IBM has issued a warning over a new banking Trojan that, so far, has affected 14 Japanese banks. Named “Shifu” by IBM Security X-Force – after the Japanese word for thief – the malware has been around since April 2015, but only unearthed now by IBM security researchers.
Although it has so far only been observed attacking banks in Japan, it can also be used to target electronic banking platforms in Europe. “At this time, only Japan is seeing active attacks,” says IBM cyber security evangelist Limor Kessem.
Kessem describes Shifu as a “highly sophisticated banking Trojan”. IBM’s analysis, she adds, indicates that it has borrowed a number of features and modules from other widely banking Trojans, including the well-known Zeus and Dridex, as well as Shiz and Gozi.
“The Shifu Trojan may be a new beast, but its inner workings are not entirely unfamiliar. The malware relies on a few tried-and-true Trojan mechanisms from other infamous crimeware codes. It appears that Shifu’s internal make-up was composed by savvy developers who are quite familiar with other banking malware, dressing Shifu with select features from the more nefarious of the bunch,” says Kessem.
These similarities include, she adds:
Domain generation algorithm: Shifu uses the Shiz Trojan’s domain generation algorithm, which is easy to find online. The developers behind Shifu use it to generate random domain names for covert botnet communications;
Theft from banking apps: Theft of passwords, authentication token files, user certificate keys and sensitive data from Java applets, a technique borrowed from banking Trojans Corcow and Shiz. Both Trojans used these mechanisms to target banking applications in Russia and Ukraine. Shifu also targets Russian banks as part of its target list, in addition to Japanese banks;
Anti-security: Shifu’s string obfuscation and “anti-research techniques” were taken from Zeus and include the disabling of security tools and sandboxes;
Stealth: Part of Shifu’s stealth techniques were unique to the Gozi/ISFB Trojan. Shifu uses the same command execution scheme as Gozi to hide itself in the Windows file system;
Configuration: The Shifu Trojan is operated with a configuration file written in XML, which is not a common format for Trojans – but similar to the Dridex Trojan’s configuration;
Wipe system restore: Shifu wipes the local System Restore point on infected machines in a similar way to the Conficker worm, which was propagated in 2009.

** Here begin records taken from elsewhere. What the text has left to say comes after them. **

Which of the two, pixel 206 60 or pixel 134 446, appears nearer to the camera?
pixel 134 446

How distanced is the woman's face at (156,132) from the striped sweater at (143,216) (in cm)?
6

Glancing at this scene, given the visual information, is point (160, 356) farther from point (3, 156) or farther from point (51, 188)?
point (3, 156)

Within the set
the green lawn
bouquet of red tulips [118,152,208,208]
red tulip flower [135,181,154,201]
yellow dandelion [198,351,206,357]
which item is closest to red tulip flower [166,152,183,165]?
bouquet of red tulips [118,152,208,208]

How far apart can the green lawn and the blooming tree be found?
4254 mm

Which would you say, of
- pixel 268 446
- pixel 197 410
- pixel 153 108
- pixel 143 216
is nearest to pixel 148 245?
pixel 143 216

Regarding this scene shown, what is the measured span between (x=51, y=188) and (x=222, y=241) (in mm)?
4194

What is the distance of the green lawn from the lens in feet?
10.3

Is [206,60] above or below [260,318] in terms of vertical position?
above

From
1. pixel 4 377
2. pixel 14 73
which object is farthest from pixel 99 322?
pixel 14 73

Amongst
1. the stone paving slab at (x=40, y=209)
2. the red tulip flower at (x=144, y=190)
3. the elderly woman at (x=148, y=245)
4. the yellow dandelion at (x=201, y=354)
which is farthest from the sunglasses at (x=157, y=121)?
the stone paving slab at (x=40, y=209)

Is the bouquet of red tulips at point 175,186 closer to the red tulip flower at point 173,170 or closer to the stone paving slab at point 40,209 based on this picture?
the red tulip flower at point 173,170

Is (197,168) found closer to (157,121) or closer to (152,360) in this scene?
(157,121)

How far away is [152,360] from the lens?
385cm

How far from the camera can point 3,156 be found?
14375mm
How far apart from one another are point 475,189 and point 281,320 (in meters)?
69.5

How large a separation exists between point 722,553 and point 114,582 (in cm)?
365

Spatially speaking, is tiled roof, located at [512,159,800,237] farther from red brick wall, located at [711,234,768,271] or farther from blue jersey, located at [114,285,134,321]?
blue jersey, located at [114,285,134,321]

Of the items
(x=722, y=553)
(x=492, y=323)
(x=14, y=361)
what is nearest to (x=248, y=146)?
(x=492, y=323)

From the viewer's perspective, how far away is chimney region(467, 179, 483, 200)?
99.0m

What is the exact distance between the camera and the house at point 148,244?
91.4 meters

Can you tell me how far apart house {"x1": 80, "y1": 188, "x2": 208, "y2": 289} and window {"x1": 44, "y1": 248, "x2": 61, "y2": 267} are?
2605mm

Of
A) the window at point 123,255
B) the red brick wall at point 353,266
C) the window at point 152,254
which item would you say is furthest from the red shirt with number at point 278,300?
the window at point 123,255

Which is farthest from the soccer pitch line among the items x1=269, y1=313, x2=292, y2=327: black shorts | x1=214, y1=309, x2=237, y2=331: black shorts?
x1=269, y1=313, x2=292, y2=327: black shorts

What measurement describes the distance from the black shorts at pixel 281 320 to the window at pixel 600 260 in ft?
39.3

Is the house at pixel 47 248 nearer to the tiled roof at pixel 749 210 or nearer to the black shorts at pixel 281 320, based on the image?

“On the less technical side, Shifu communicates via secure connection that uses a self-signed certificate, just like the one used by the Dyre Trojan,” adds Kessem.
She continued: “This Trojan steals a large variety of information that victims use for authentication purposes, covering different sorts of authentication. For example, it keylogs passwords, grabs credentials that users key into HTTP form data, steals private certificates and scrapes external authentication tokens used by some banking applications. These elements enable Shifu’s operators to use confidential user credentials and take over bank accounts held with a large variety of financial service providers.
“Shifu scans, parses and exfiltrates data from smartcards if they are attached to a smartcard reader on the endpoint, and searches crypto-currency wallets to steal from the infected victim.”
However, one intriguing twist that IBM has found with Shifu are attributes that indicate that its operators also intend to target point-of-sale systems. According to Kessem, Shifu has a RAM-scraping plug-in – typically be used to exploit a glaring security hole in the PCI-DSS security standards, which do not require point-of-sale data to be encrypted as when it is being processed at the till system.
“RAM scraping is the top method for siphoning credit and debit cards’ track 1 and track 2 data, used in major breaches like the Target breach,” says Kessem.